Council to chart new moorage bylaws
Private-boat moorage bylaws surface for debate at North Cowichan council’s 1:30 p.m. meeting Wednesday.
Discussion could swirl around staff recommendations to address complex, overlapping local, provincial and federal laws governing moorage.
Council and staff got a wave of backlash recently after the feds towed derelict, adrift tug Trojan from Maple Bay — a popular action, followed by council’s unpopular ordering of boats moored in Maple Bay to leave, as they were breaking municipal mooring bylaws.
Those rules, albeit loosely enforced, said private moorage, by anchor or mooring buoy, is not specifically allowed under North Cowichan’s current bylaws governing boats within 1,000 feet of shore.
Council eased off its edict, and is debating a bylaw revamp.
New bylaws could basically allow law-abiding boaters, while banning derelict vessels, and ordering moorage-flouting crafts to leave North Cowichan waters.
Stakeholder Bryan Dixon’s submission requests a bylaw freeze until community consultation occurs, and a bylaw revision happens.

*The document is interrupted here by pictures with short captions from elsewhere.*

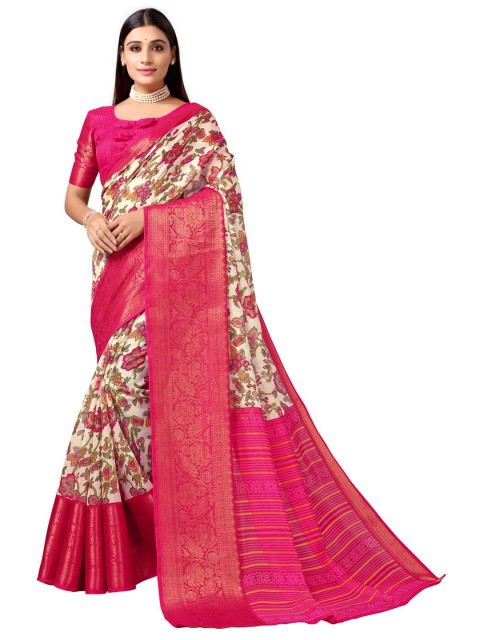 

Satrani Pink & Gold-Toned Floral Saree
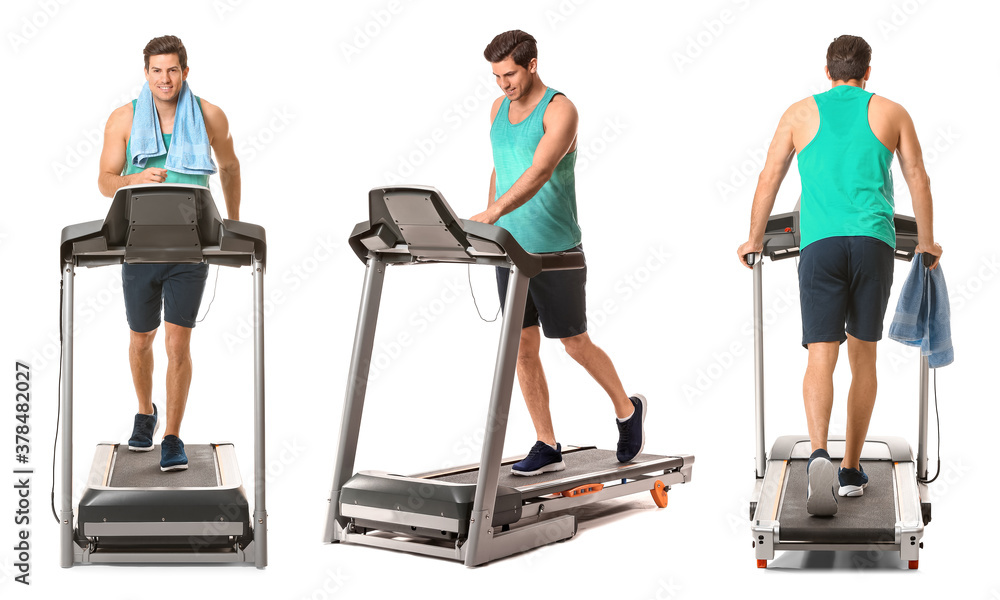 Sporty young man training on treadmill against white background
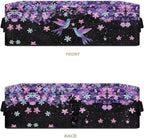 Narrow Storage Bin Toilet Tank Topper Baskets Universal Fabric Baskets Rectangular Foldable Storage Caddy Container for Towels Bathroom Essentials, Blue Violet Hummingbird Flower Black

He also urges reviewing overlapping federal and provincial mooring laws.
Dixon’s options to council include no restrictions nor time limits on anchoring; installing a coin-operated sewage pump-out facility; marking of private moorage buoys in Maple Bay, according to federal requirements; and consideration of derelict-vessel laws such as in Washington State.
Cowichan MP Jean Crowder’s proposed private-member’s bill about Canada’s derelict-craft dilemma has failed to gain Ottawa’s nod.
Senior staffer Scott Mack’s report recommends council yank its July 9 contravention notices — on the understanding further enforcement may happen once council mulls updated, formal bylaws.
Council, he said, should also direct staff to work with Transport Canada and the RCMP to take action on towing derelict and illegally moored vessels.
Council should discuss revamping its regulations about liveaboards, abandoned boats, federal mooring buoys, pollution, noise, stay length, and municipal permits.
Councillors may also consider requesting control and costs from Victoria regarding key marine areas.
Finally, council must gain regulation input from local boaters, and the Maple Bay Community Association.